Without looking, he reached to his assistant, who put a sheet of paper in his hand. Comstock set it on the table and twisted it around so the print was right side up for Tom.

“You can keep this. It includes what we call plant specifications. A copy of it was filed with your government in Edmonton. Your health minister and the minister of mines and minerals signed it. So did your premier, Mr. Manning. Yours is a farmers’ government, isn’t it.”

“Started that way,” said Tom, showing a bit of his real self. “Sometimes they forget.”

Comstock pointed at one of the numbers. “When we’re up and running, we’ll be processing hundreds of thousands of cubic feet of gas a day. That’s to start with.”

“You mean it’ll get bigger?” Tom said.

“That’s right. In a year or two, we’ll move to the second phase.”

“How much bigger?”

“Several times bigger. Millions of cubic feet.”

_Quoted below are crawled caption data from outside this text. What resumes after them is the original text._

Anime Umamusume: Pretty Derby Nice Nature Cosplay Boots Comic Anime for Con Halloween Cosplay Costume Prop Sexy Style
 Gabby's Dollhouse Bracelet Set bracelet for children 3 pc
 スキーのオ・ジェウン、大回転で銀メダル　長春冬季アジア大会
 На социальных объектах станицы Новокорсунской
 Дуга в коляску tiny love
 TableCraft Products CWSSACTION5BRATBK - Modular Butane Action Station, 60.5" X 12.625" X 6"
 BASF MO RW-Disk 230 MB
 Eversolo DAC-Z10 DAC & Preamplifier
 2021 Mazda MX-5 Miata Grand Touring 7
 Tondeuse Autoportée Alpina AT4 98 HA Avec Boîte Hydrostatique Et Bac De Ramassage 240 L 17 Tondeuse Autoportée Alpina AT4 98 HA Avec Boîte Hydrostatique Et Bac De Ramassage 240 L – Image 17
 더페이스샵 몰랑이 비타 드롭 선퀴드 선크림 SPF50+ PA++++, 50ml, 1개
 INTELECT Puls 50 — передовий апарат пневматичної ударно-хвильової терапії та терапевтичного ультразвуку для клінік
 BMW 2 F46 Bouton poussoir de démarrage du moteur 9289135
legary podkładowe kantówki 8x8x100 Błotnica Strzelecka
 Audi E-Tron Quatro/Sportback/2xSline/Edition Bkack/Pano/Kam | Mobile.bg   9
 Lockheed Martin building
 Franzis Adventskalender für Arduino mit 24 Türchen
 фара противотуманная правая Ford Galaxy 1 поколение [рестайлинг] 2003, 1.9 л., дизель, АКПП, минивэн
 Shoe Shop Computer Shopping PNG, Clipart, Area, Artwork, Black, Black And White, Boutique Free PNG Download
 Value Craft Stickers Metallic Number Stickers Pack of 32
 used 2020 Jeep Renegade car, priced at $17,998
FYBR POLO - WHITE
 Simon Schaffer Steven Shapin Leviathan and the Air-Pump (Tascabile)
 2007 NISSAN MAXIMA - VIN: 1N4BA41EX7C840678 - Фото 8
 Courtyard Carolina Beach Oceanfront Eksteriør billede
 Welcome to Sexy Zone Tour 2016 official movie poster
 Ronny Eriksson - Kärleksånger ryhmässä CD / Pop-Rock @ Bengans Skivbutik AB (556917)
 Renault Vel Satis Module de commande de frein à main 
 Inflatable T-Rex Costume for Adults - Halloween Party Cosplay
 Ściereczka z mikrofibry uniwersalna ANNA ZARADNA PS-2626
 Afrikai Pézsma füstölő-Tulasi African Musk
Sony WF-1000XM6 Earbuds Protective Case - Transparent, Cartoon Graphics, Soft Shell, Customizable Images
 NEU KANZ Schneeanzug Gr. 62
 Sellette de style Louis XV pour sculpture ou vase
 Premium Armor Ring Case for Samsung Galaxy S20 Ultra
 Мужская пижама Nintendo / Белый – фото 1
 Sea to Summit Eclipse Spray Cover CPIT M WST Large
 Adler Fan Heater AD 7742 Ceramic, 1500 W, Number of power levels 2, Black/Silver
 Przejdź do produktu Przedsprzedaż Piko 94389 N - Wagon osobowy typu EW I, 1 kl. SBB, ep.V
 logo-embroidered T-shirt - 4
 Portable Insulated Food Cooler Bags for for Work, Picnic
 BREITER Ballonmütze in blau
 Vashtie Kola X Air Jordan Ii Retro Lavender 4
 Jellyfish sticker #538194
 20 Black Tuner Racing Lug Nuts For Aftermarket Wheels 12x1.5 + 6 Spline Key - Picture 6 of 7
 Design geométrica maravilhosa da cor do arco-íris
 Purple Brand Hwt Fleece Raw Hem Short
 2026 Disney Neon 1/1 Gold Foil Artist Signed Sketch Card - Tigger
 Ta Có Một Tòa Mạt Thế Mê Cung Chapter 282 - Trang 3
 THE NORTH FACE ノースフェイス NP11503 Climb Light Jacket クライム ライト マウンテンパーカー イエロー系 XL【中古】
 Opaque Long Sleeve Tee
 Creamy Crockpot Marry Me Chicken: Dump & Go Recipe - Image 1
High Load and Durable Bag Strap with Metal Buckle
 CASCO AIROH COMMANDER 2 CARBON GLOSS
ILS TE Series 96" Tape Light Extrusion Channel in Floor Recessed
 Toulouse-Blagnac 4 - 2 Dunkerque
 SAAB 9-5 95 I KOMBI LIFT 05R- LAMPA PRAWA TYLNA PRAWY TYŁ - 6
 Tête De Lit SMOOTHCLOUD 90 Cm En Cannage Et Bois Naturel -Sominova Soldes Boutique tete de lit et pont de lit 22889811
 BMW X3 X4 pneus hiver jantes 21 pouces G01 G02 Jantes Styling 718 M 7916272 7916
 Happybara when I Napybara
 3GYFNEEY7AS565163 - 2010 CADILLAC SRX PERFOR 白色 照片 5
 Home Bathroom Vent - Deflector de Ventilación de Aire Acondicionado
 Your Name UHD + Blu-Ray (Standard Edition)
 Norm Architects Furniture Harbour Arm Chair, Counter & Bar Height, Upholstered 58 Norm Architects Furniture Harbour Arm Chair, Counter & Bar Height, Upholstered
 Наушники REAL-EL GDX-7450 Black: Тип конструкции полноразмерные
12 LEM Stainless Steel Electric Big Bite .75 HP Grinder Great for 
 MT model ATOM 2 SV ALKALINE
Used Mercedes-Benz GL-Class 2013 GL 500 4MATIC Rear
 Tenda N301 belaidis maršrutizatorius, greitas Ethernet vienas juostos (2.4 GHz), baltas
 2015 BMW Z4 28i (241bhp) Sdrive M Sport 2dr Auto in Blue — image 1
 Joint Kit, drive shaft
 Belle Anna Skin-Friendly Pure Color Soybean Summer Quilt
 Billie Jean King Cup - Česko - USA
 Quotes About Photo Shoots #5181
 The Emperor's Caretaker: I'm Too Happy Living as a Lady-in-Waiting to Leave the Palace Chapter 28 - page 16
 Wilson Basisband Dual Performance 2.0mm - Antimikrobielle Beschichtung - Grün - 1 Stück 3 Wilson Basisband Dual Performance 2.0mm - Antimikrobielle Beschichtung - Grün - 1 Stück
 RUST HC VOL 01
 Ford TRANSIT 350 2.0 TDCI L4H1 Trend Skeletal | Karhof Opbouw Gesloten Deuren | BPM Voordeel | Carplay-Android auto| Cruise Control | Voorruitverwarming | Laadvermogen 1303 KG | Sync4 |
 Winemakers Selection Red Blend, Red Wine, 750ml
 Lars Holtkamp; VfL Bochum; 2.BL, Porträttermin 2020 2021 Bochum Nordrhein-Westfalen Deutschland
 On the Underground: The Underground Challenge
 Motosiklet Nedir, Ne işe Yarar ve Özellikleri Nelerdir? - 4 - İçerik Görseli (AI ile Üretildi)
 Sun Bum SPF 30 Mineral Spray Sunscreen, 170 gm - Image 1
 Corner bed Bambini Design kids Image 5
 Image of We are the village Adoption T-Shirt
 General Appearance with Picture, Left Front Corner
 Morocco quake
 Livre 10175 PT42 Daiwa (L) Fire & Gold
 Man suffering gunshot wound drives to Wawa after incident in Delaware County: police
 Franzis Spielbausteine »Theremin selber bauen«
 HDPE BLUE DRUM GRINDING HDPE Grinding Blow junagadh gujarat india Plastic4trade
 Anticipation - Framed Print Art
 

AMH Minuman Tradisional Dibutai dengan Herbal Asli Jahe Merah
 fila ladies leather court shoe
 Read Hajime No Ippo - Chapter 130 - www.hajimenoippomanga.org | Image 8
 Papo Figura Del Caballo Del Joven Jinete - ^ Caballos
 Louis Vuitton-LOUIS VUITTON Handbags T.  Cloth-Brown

Tom’s cigarette had gone out. He felt his trouser pocket for his lighter. He pushed it up with his fingers until the metal head showed.
He flipped the lid and thumbed the wheel, he closed the eye nearest the flame.

Tom pushed his tobacco pouch toward Comstock, but the other man held up his hand. He probably thought it a primitive way to smoke.

Tom breathed out a cloud and said, “Maybe you better tell us how this plant will be to live beside.”

“You know what I mean when I say it’s a sour gas plant, right?” Comstock said.

What they knew came from Don Harbeg and a piece in the
Haultain Herald
. Tom said he wanted Comstock to explain from scratch. This was smart, Ella thought. Better than trying to show off and getting confused. She wasn’t sure yet how she knew, but she felt Comstock wanted Tom to make mistakes that he could correct.

“Sour means natural gas containing hydrogen sulphide,” Comstock said. “The gas here’s about eleven per cent hydrogen sulphide, and there’s also six per cent carbon dioxide. The second field we’re testing for this plant is over twenty per cent hydrogen sulphide. The plant will run at fifteen hundred pounds per square inch. Trust me, that’s a lot of pressure.” Clint Comstock leaned back in his chair.

Ella felt a weight or a pressure lift from her and imagined Tom feeling the same thing.